**Assignment**
Show the lines below that contain the string "with".

**Input material**
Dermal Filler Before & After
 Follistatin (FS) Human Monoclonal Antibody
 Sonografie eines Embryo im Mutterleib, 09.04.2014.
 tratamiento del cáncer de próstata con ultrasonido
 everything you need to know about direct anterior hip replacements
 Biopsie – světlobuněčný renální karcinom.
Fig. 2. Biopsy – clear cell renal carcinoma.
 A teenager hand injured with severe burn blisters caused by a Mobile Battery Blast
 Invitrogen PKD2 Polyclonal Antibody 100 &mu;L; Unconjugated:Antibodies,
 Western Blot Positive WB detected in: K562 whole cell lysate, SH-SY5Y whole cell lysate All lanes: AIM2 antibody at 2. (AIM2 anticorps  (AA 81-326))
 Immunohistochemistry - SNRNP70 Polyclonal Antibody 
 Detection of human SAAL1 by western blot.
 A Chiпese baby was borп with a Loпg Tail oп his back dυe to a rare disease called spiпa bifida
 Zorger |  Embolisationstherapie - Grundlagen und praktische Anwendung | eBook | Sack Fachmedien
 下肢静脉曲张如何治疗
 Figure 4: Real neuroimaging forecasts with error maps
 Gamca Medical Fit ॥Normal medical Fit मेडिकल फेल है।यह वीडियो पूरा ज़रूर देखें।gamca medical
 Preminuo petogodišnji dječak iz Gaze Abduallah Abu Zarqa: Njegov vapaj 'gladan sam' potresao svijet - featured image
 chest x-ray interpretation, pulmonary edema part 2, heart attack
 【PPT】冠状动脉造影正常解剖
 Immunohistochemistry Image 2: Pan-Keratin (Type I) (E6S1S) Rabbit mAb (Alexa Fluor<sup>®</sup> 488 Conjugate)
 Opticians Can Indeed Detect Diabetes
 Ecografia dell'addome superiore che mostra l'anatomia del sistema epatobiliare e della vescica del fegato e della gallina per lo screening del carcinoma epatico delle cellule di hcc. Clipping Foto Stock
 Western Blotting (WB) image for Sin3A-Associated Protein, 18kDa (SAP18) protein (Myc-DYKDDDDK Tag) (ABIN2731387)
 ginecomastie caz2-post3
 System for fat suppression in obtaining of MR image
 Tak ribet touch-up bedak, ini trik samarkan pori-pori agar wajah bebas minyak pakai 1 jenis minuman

**Solution for this task**
 A teenager hand injured with severe burn blisters caused by a Mobile Battery Blast
 A Chiпese baby was borп with a Loпg Tail oп his back dυe to a rare disease called spiпa bifida
 Figure 4: Real neuroimaging forecasts with error maps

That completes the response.